Se não sofremos não buscamos a Deus. Lendo um trecho dos irmãos Karamazov citado no livro de Elisabeth Elliot, percebo que somente clamamos a Deus em meio a um sofrimento intenso. Aquela dor na alma que nos aleija o espírito e nos torna incapazes de nos socorrermos a nós mesmas, ou tão pouco pedir algum auxílio humano que nos acuda. Há um tipo de sofrimento que somente nosso Senhor pode socorrer. É aquela dor solitária, que nos separa do universo das coisas perenes e nos transporta para o tempo além do tempo, o lugar eterno.
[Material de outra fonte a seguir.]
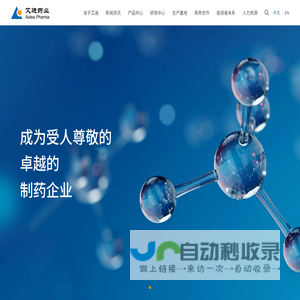 江苏艾迪药业股份有限公司
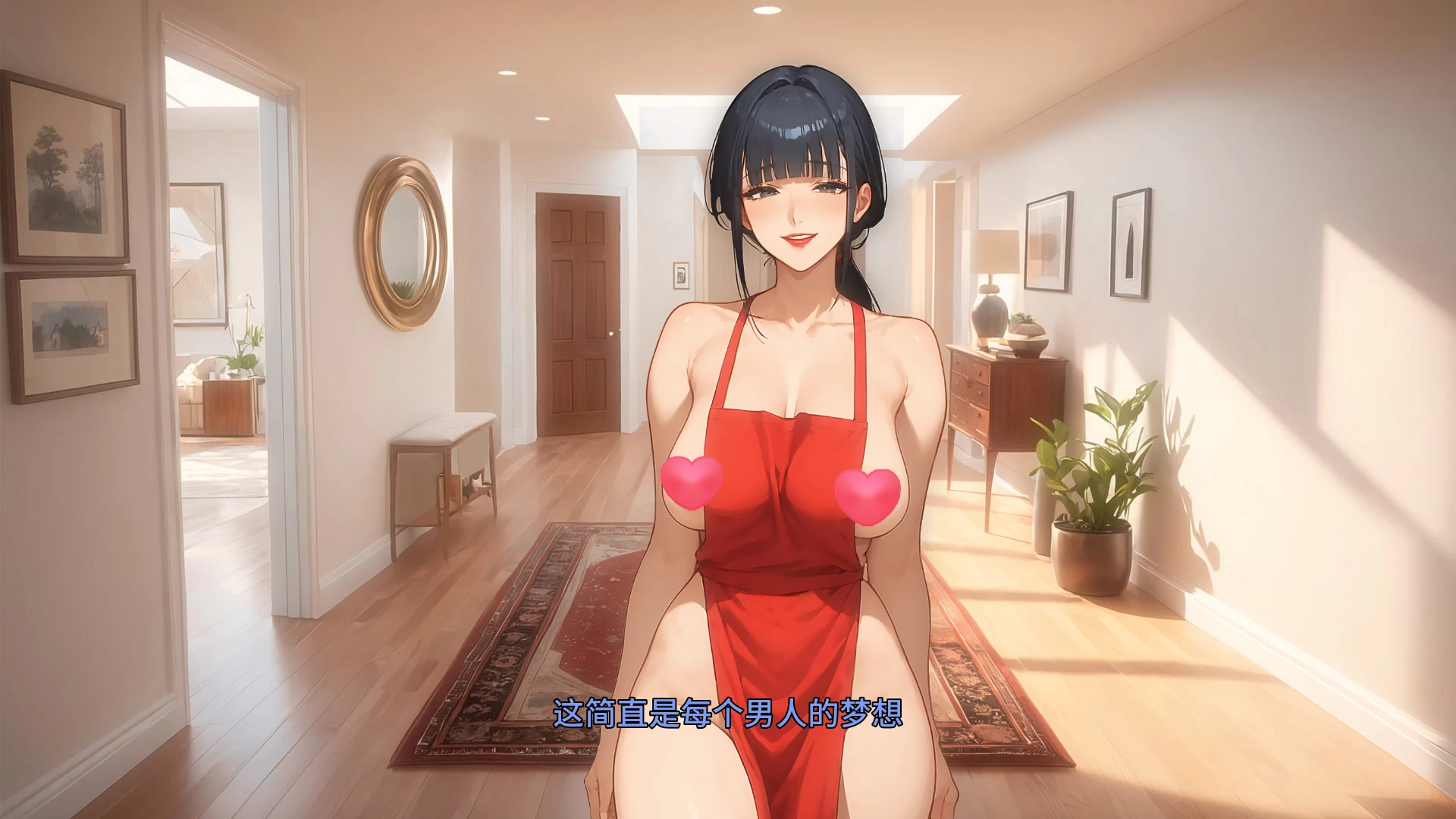 我爱你的妻子0.35p1外挂完美汉化版【PC+安卓生肉+亚洲SLG/精品/NTR】/I Love Your Wife【2.7G】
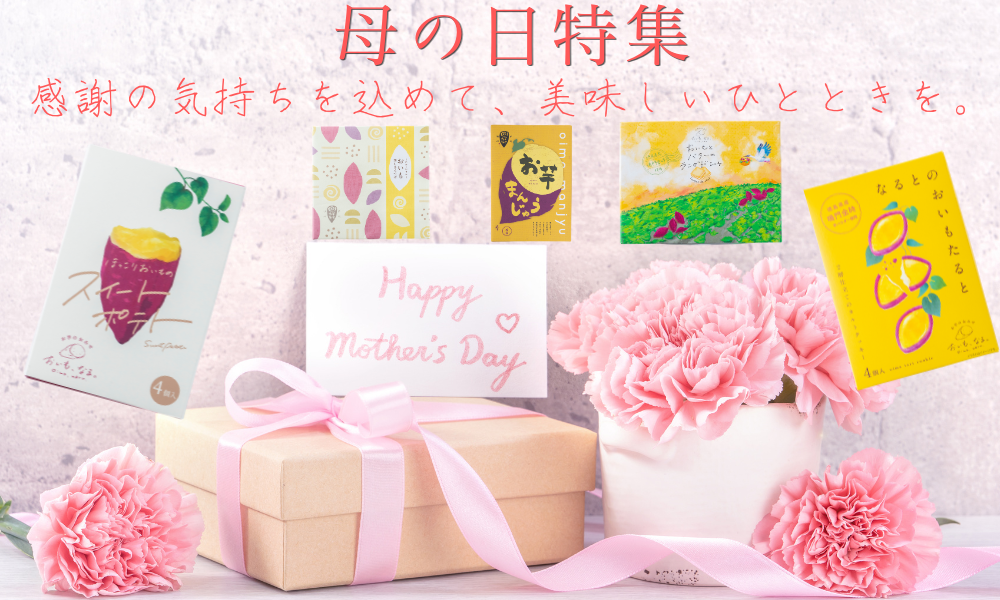 母の日　ギフト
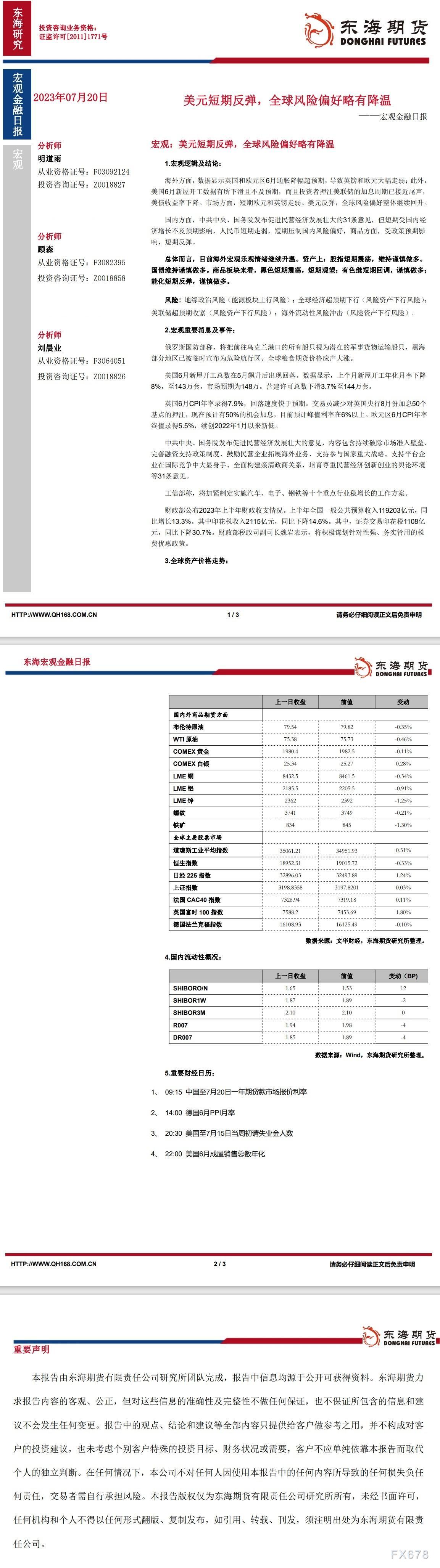 美债收益率下降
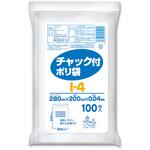 チャック付ポリ袋 0.04mm 透明100P オルディ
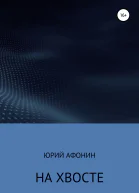 На хвосте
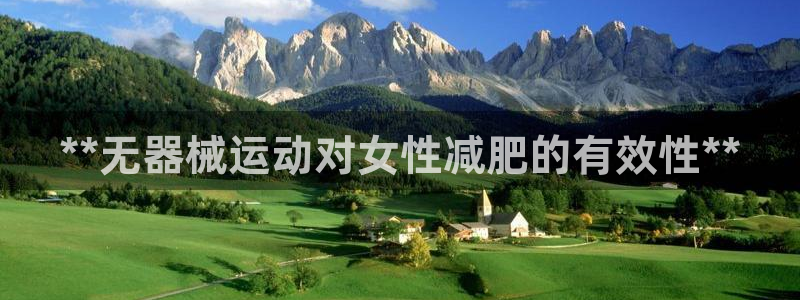 尊龙凯时ag旗舰：**无器械运动对女性减肥的有效性*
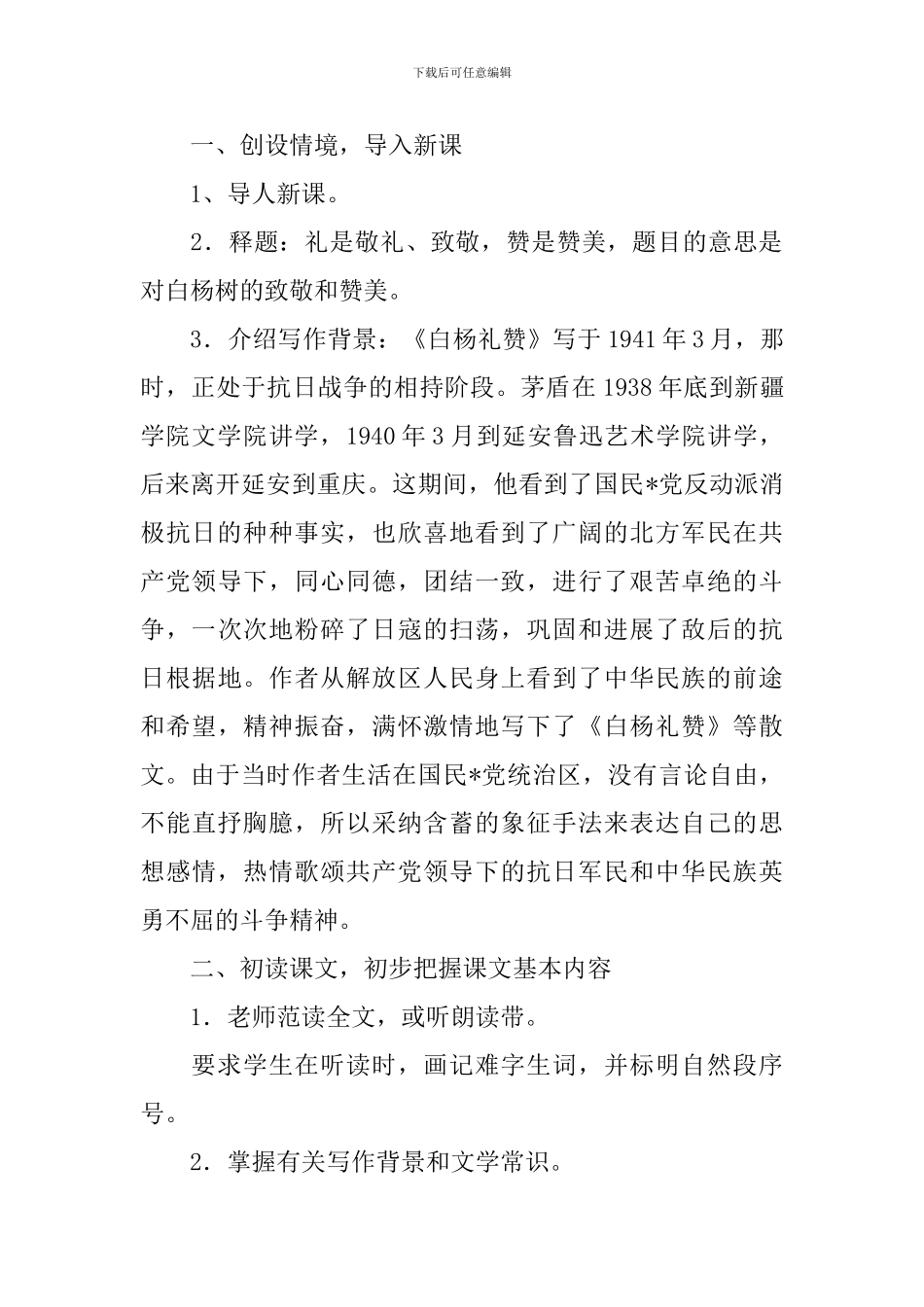 《白杨礼赞》教学设计范文_第3页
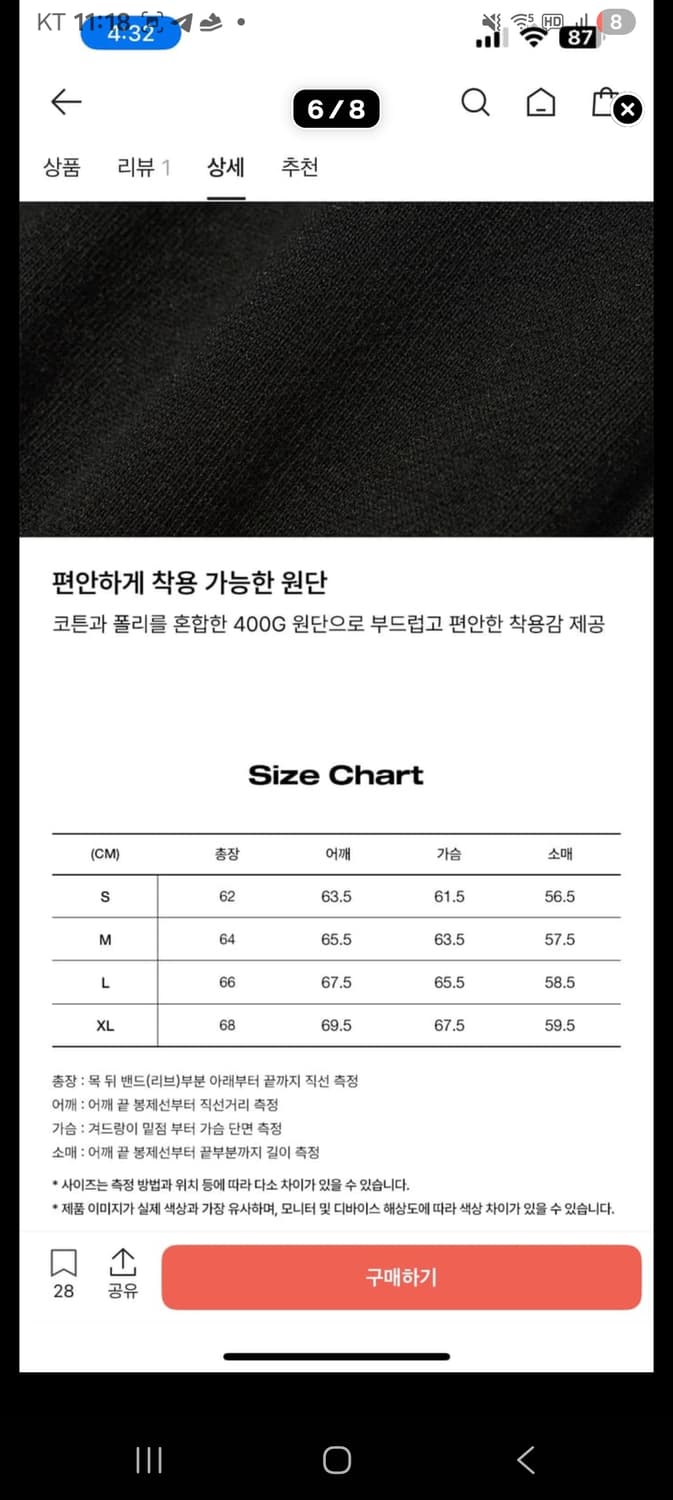 피지컬 디파트먼트 체크 후드집업 XL 상품이미지3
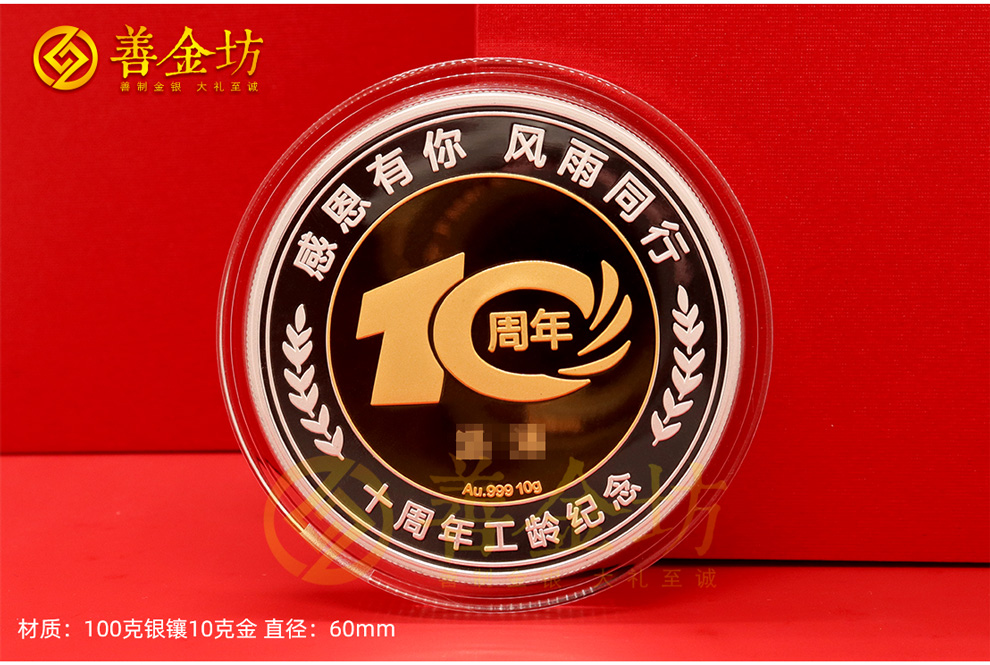 紀(jì)念幣定制廠家，專(zhuān)業(yè)與信賴(lài)的保障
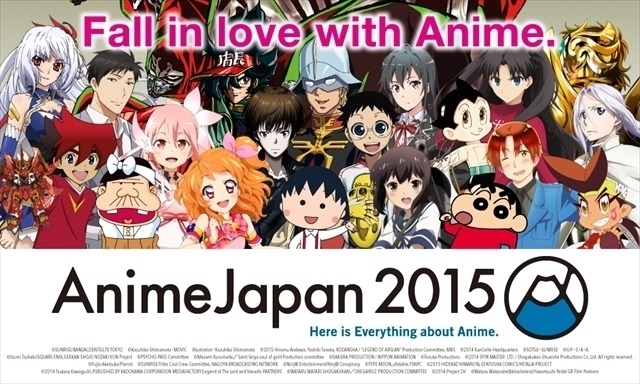 AnimeJapan 2015の一日目総来場者6万3995人、前年対比107％で堅調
É aquele sofrimento que nos faz solitárias, únicas. Neste lugar de dor, angústia e medo ninguém pode entrar a não ser o Espírito de Deus que penetra todas as coisas, ele vai chegar no mais íntimo de nosso espírito. No lugar tenebroso de nossa alma, onde há dor, pânico, angústia, solidão, desamparo. Ali, acuadas nos escombros de nossa vida interior, Deus nos encontra, rendidas, humilhadas pela dor, ele nos estende a mão da clemência, então pobres e miseráveis de todo tipo de orgulho ou arrogância, nos arrastamos como um verme até podermos nos aproximar do calor de seu toque, a mão de Deus em nós, transpassada pelos cravos. Lá pregado nas dores do calvário ele mesmo, o Cristo, já fez por nós o que ninguém mais poderia fazer: ele se derramou inteiro, água e sangue, até se esgotar. Mas agora, ressurreto, ele é capaz de nos socorrer, ele sofreu a sua e a minha dor. Sofreu toda a angústia da separação do Pai.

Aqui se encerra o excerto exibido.